U.S. Leveraged Loan Funds See Seventh Week of Outflows

(Bloomberg) -- U.S. leveraged loan funds saw $2.3 billion of outflows in the week ended Jan. 2, according to Lipper, the fourth largest exodus on record.

Investors pulled $2.14 billion from mutual funds that buy the debt, according to Lipper. Exchange-traded funds lost $180 million, Lipper data show.

Recent outflows have contributed to negative sentiment that has weighed on secondary loan prices, which had been trending downward since the start of November, but began to rebound this week.

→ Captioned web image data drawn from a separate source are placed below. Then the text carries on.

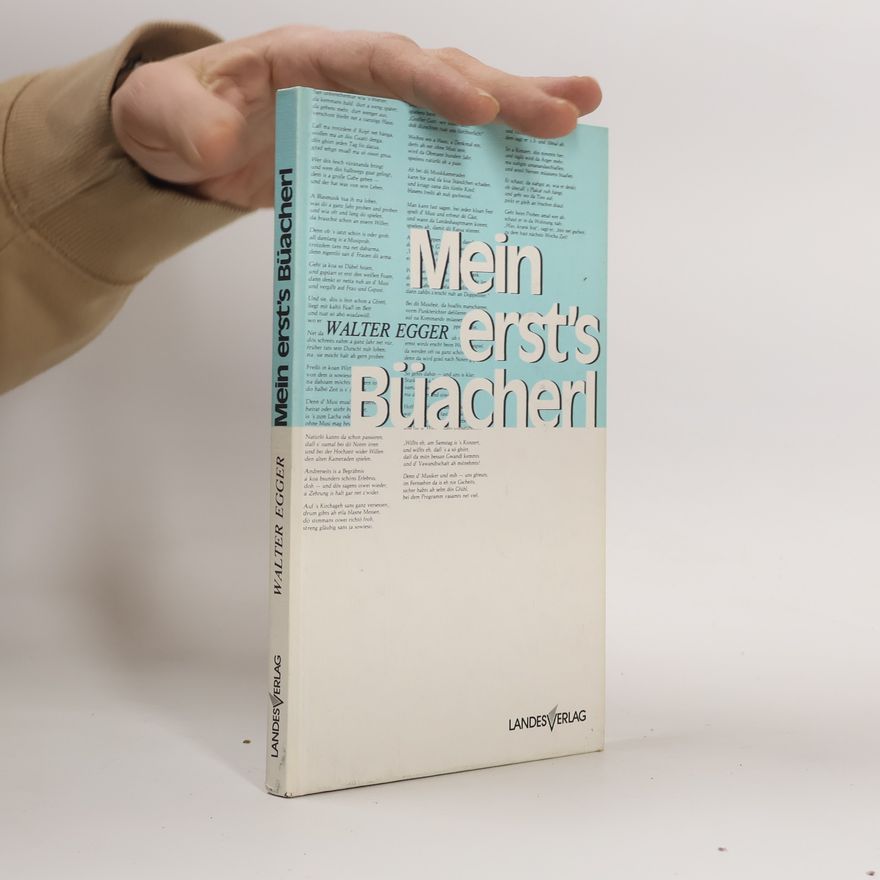 Walter Egger Mein erst's Büacherl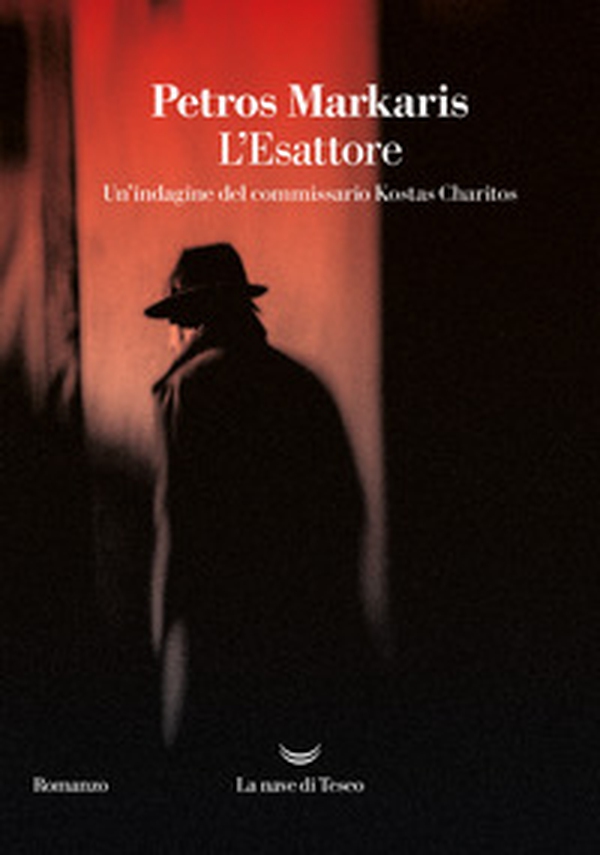 L'Esattore. Un'indagine del commissario Kostas Charitos - Librerie.coop L'Esattore. Un'indagine del commissario Kostas Charitos - Librerie.coop
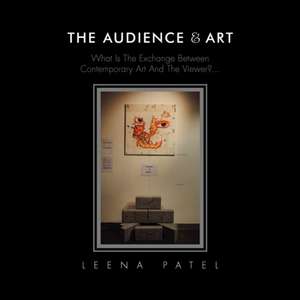 The Audience & Art de Leena Patel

It was the seventh straight week of outflows, all of which exceeded more than a billion each, and the longest negative streak in a year. Last week saw an outflow of $3.5 billion, the largest outflow to date. There has been $15.7 billion withdrawn from loan funds since Nov. 21, Lipper data show.

U.S. Leveraged Loan Funds See Seventh Week of Outflows

Leveraged loans are viewed by investors as both an interest rate hedge and relatively high credit risk. Funds saw inflows for most of 2018 fueled by outsized demand for floating-rate assets in what was seen as a rising rate environment, as well as an ongoing hunt for yield.

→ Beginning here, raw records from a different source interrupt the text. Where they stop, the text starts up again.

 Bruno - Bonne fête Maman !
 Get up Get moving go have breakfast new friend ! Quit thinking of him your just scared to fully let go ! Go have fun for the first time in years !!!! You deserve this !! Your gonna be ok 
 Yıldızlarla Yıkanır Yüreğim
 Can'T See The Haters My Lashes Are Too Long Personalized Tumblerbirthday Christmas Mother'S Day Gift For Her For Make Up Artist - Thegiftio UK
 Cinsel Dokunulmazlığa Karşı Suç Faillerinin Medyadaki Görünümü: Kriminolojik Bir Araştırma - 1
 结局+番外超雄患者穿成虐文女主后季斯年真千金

Reduced rate hike expectations for this year conspired with rising fundamental credit concerns to drag loans down in the fourth quarter of 2018. The exodus from leveraged loan funds accelerated after last month’s Federal Reserve meeting, which cut the tightening scheduled to two rate hikes in 2019 from three.

Worst in Seven Years

Loans suffered the worst monthly return since mid-2011 in December, dropping 2.5 percent. Still, they held onto a rare gain in U.S. credit markets, rising 0.44 percent as high-yield bonds lost 2.1 percent.

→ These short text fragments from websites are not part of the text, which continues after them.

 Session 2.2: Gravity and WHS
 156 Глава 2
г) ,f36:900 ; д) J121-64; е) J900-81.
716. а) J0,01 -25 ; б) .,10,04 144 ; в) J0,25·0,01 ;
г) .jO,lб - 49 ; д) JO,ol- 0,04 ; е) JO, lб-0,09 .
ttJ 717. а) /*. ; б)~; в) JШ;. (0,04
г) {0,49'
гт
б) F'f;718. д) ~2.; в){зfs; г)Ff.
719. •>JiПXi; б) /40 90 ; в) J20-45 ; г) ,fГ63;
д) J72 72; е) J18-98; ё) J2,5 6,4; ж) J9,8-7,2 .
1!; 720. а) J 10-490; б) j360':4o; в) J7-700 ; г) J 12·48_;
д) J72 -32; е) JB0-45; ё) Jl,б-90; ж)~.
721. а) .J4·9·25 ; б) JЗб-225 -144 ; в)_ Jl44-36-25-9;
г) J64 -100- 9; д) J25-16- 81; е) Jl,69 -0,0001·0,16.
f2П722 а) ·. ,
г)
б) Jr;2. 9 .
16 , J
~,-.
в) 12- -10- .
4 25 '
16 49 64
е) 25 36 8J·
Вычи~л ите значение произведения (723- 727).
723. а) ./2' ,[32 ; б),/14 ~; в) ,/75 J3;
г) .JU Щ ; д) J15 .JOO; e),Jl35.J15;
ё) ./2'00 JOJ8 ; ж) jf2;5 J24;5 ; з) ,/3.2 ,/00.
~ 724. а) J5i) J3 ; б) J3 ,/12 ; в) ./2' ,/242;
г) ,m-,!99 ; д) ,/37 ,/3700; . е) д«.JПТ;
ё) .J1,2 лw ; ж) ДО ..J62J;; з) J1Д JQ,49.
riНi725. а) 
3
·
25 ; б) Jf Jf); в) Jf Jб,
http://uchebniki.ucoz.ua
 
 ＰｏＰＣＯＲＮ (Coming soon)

Last year’s return was the third worst for the S&P/LSTA Leveraged Loan Index in 20 years. Loans have had only two down years this century -- once during the financial crisis in 2008, when losses ballooned to negative 29 percent, and again in 2015 when collapsing energy prices sent returns to negative 0.69 percent.

U.S. leveraged loan sales fell to $814 billion in 2018, down 25 percent from the record $1.1 trillion issued in 2017. December sales were the lowest for that month since 2011, Bloomberg data show.